1. I don't know if it is possible to get an OAuth2 token from a SAML assertion -- I'd think that it isn't -- but you can pretty easily configure a Box application to support your company's SSO. The first step of Box's OAuth2 authorization process is to redirect the user's browser to a URL similar to:
https://www.box.com/api/oauth2/authorize?response_type=code&client_id=MY_CLIENT_ID
On this page the user can log into Box with whatever credentials they chose and authorize your application to touch their files.

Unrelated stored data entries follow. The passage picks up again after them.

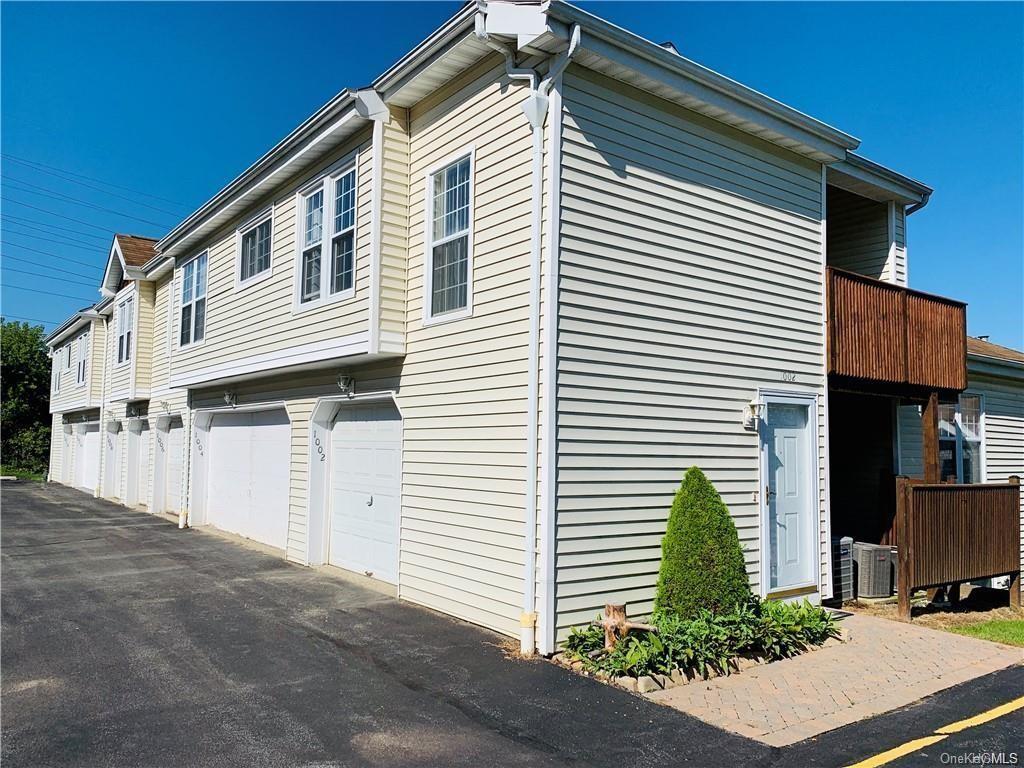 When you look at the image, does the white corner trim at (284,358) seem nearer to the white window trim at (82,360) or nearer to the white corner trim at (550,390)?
the white corner trim at (550,390)

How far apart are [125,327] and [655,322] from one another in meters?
17.6

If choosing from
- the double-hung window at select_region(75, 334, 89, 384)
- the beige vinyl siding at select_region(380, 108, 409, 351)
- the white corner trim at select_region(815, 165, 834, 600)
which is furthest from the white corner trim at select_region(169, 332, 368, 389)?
the double-hung window at select_region(75, 334, 89, 384)

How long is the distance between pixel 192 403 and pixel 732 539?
1236 cm

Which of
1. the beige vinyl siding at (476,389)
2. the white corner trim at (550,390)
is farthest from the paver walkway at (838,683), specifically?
the beige vinyl siding at (476,389)

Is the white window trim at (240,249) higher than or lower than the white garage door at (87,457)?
higher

In order to take advantage of your company's SSO integration, you will instead redirect the user to:
https://sso.services.box.net/sp/startSSO.ping
?PartnerIdpId=<YOUR_IDP_URN>
&TargetResource=https%3A%2F%2Fwww.box.com%2Fapi%2Foauth2%2Fauthorize%3Fresponse_type%3Dcode%26client_id%3DMY_CLIENT_ID
Where:
- The
PartnerIdpId
is the URN of your company's IdP. - The
TargetResource
is the HTTP-encoded version of the default OAuth2 authorization URL that was described above.
This will tell Box to bounce the user over to your IdP for authorization instead of prompting the user to log in with Box credentials. The OAuth2 process will then carry on as normal.
2. I don't know that this is possible either, but with a valid OAuth2 token you can easily tap into the Box Search API.